Write out exactly the lines from the one with "Coolbang new design" through the last line of the data below, but not the pictures.

[Items listed in a dataset]
■ ■ ■ ■

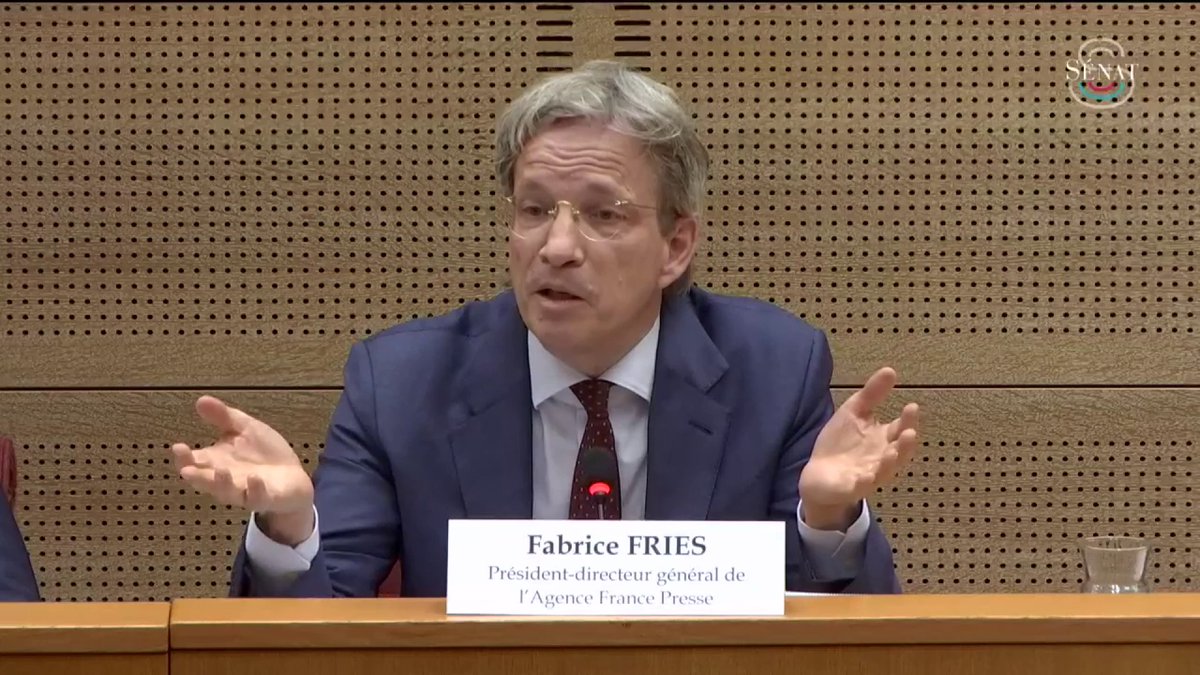 Polémique sur la dénomination du Hamas : Auditionné au Sénat, le PDG de l'AFP News Agency tape du poing sur la table, "On monte en épingle un sujet depuis des semaines, c’est quand même dingue. À aucun moment on ne nie les atrocités du 7 octobre !"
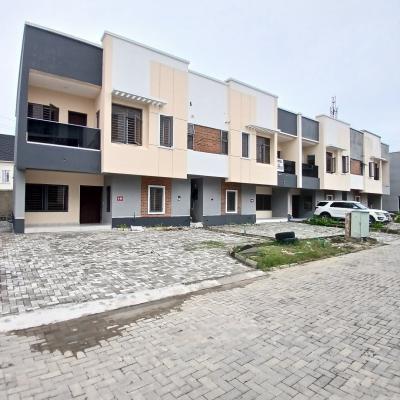 Well Built 4 Bedroom Terrace Duplex with Bq, Chevron Toll Gate,lekki Conservation Centre, Lekki, Lagos, Terraced Duplex for Sale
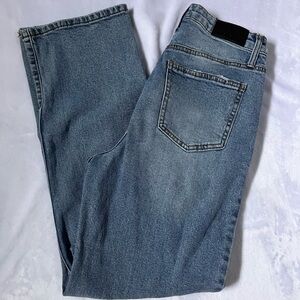 BCBGeneration Blue Relaxed Jeans with Vintage Appeal
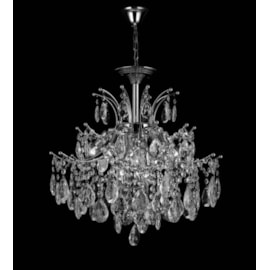 PENDENTE 50×55CM E14×5, METAL+CRISTAL CROMADO | SINDORA DCD00438 PENDENTE 50×55CM E14×5, METAL+CRISTAL CROMADO | SINDORA DCD00438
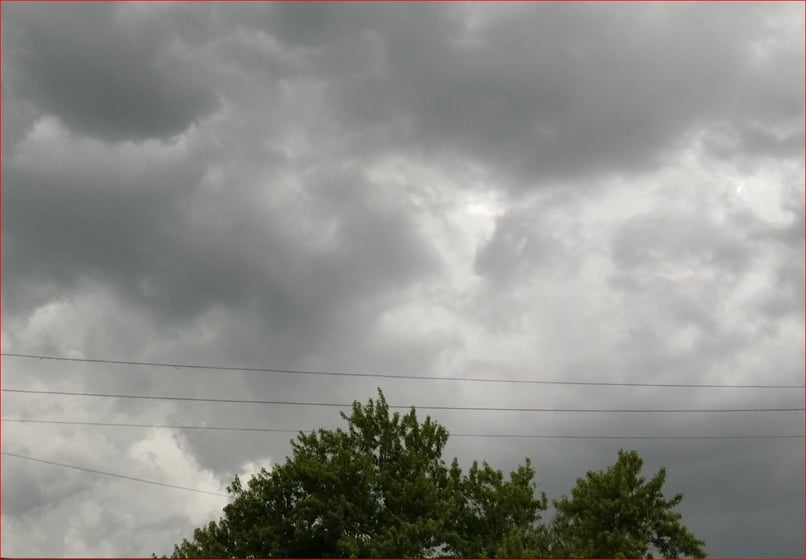 Storm clouds over eastern Nebraska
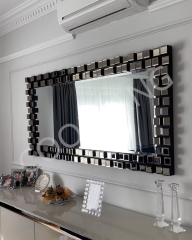Coolbang new design large size 3D rectangle wall mirror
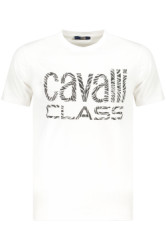 CAVALLI CLASS Perfektn Pnske Triko Krtky Rukv Biela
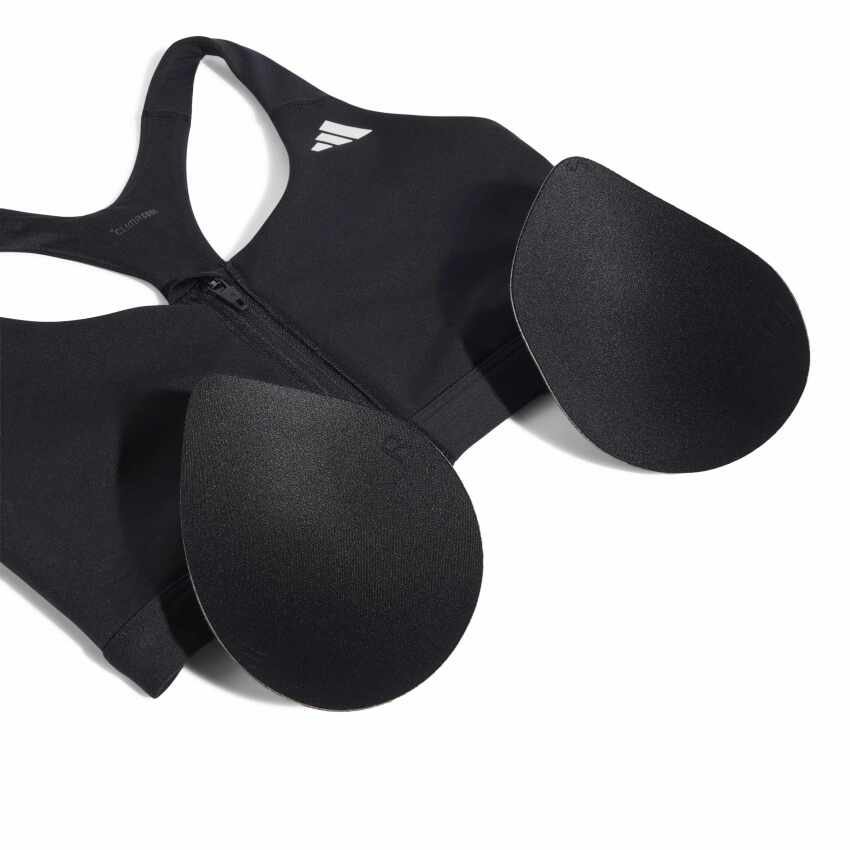 Adidas Optime Essentials Workout Ön Fermuarlı Orta Destekli Siyah Kadın Bra - 8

■ ■ ■ ■

Exercise solution →
Coolbang new design large size 3D rectangle wall mirror
 CAVALLI CLASS Perfektn Pnske Triko Krtky Rukv Biela
 Adidas Optime Essentials Workout Ön Fermuarlı Orta Destekli Siyah Kadın Bra - 8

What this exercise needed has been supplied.